The blonde nodded toward Beau’s bed. “He is last, like you,
Grand-père
says, so he must not fail. You must not let him fail, Alys.”
“You know my name.”
“We know everything here.” The American girl beckoned for Alys to lean down and, when she did, whispered, “He has a secret. We can’t tell you what it is because that’s not fair, but it makes him sad and lonely. You could make him happy again.”
“How?” Alys whispered back.
The brunette’s cheeks dimpled. “You know how, silly.” She grabbed the French girl’s hand, and the two of them skipped up the stairs, vanishing from sight halfway to the top.
“Two ghosts?” Alys sighed and went back to her bed, pushing at the lump under her covers as she tried to get comfortable. The tangle of linens wouldn’t budge, so she draped one arm and leg over it and used one end as a pillow.
As awkward and bulky as its shape was, the mound felt very nice against her body. She burrowed against it, smiling as she felt it grow warmer. Just as she was falling back asleep, she felt a caress on her cheek.
The girls again.
Alys kept her eyes shut. “I don’t believe in ghosts. Go away.”
The annoying, nonexistent spirits muttered something as one of them nuzzled the top of her head. The touch didn’t feel like it came from a little girl, however.
“I mean it, whoever you are,” she warned. “I’ll throw you on the floor.”

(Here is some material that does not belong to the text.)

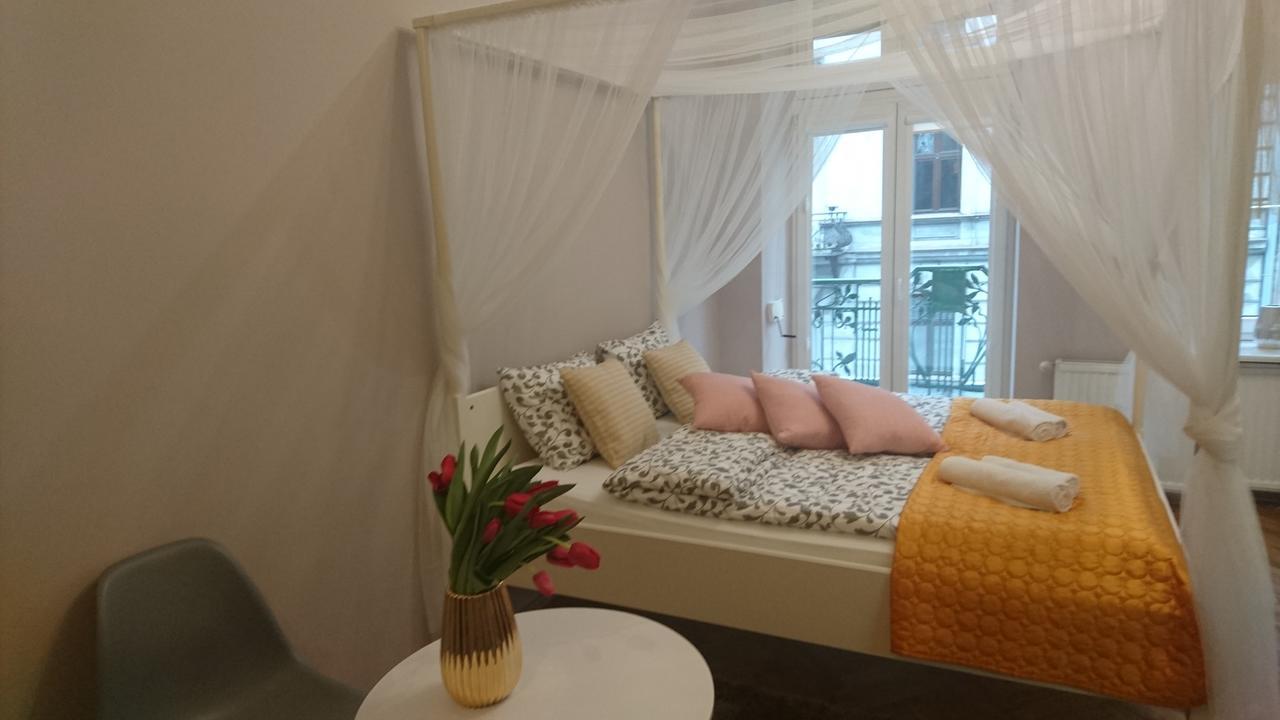 Ok Home Apartments Krasków Εξωτερικό φωτογραφία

“You can try,” a deep voice said.
She opened one eye and saw the pattern of the coverlet fading and smoothing out into a golden brown bulge—but the one on her bed was purple. “Why aren’t you violet?”
“I’m not a flower.”
Alys lifted her head to see Beau’s face, and went very still. “What are you doing in my bed?”
“Let me show you something.” He reached out and switched on the lantern nearest to them, and pointed toward the other side of the room.
Alys looked over at her empty bed, the coverlet and sheets in a rumpled pile on the floor, and groaned as she let her head fall against Beau’s chest. “Not again.”